Cet éventail représentatif prend pourtant vie et chaleur au fur et à mesure des portraits et surtout des scènes de dialogues ou d’interrogatoires qui tissent, pour l’essentiel, la trame des chapitres. « Affublée à vie du prénom d’une tante vieille fille, envoyée par ses riches parents dans l’école religieuse huppée de Hambourg pour de jeunes filles de bonne famille, elle en était sortie pétrie d’austères vertus allemandes, chasteté, zèle, piété, honnêteté et dignité, jusqu’à ce qu’un sens de l’humour ravageur doublé d’un scepticisme salutaire vienne tout gâcher » : il semblerait que tout réside dans ce « jusqu’à ce que ». La narration se tient sur cette haute crête, comme si l’on avait posé sur la table les assiettes, les verres et les couverts, les antipasti et les plats de résistance, jusqu’à ce que quelqu’un tire sur la nappe d’un coup sec. Au nom de règles que Le Carré himself avait résumées dans un article paru dans le Times, en 2003 où commença l’invasion de l’Irak : « Dieu a désigné les Etats-Unis pour sauver le monde de la façon qui conviendra aux Etats-Unis. Dieu a désigné Israël comme le lien de la politique des Etats-Unis au Proche-Orient (…). Pour être membre de l’équipe, il faut croire au bien absolu et au mal absolu ». Parti de là, le roman saccage ces principes qui fabriquent l’histoire générale de ce début de siècle, et énerve les certitudes « couillues » sous lesquelles ploient sans broncher nos sociétés. Ceci sans se départir d’une écriture fort civile : si Le Carré semble avoir perdu l’espoir des lendemains meilleurs, il parle toujours depuis une civilisation élégante.

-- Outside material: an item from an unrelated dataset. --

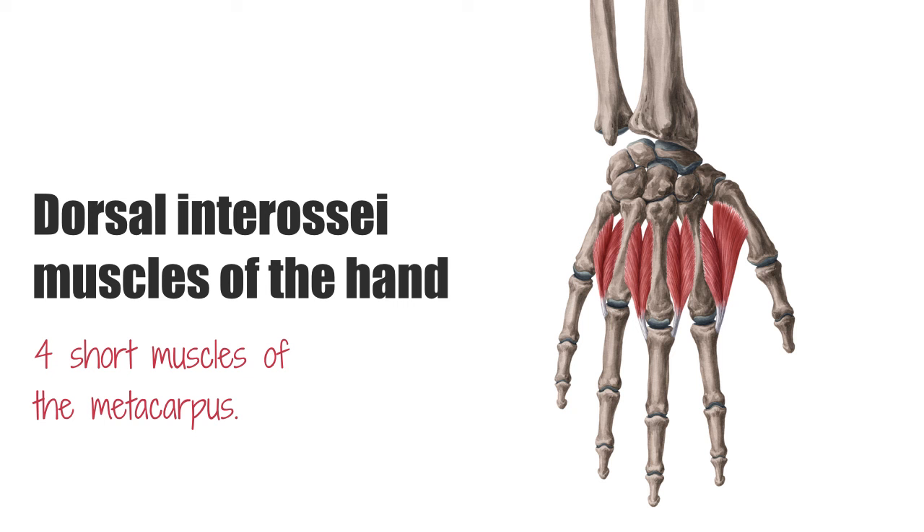For example, the first one is between the thumb and index fingers, the second between index and middle fingers, and so on. These muscles are bipennate, and each muscle has two heads as you can see on the image. The first dorsal interosseous, the largest and strongest among the four, can be easily felt in the web between thumb and index finger. It is also possible to palpate the remaining three between the metacarpal bones and the tendon of the extensor digitorum muscle.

Un homme très recherché de John Le Carré - Traduit de l’anglais par Mimi et Isabelle Perrin, Seuil, 360 pages, 21,80 €
Domaine étranger L’Anglais n’est pas sans peine
janvier 2009 | Le Matricule des Anges n°99
| par
Gilles Magniont
John Le Carré met en scène le gâchis du monde présent, dans un roman sans défaut et très âcre.
Un livre
L’Anglais n’est pas sans peine
Par
Gilles Magniont
Le Matricule des Anges n°99
, janvier 2009.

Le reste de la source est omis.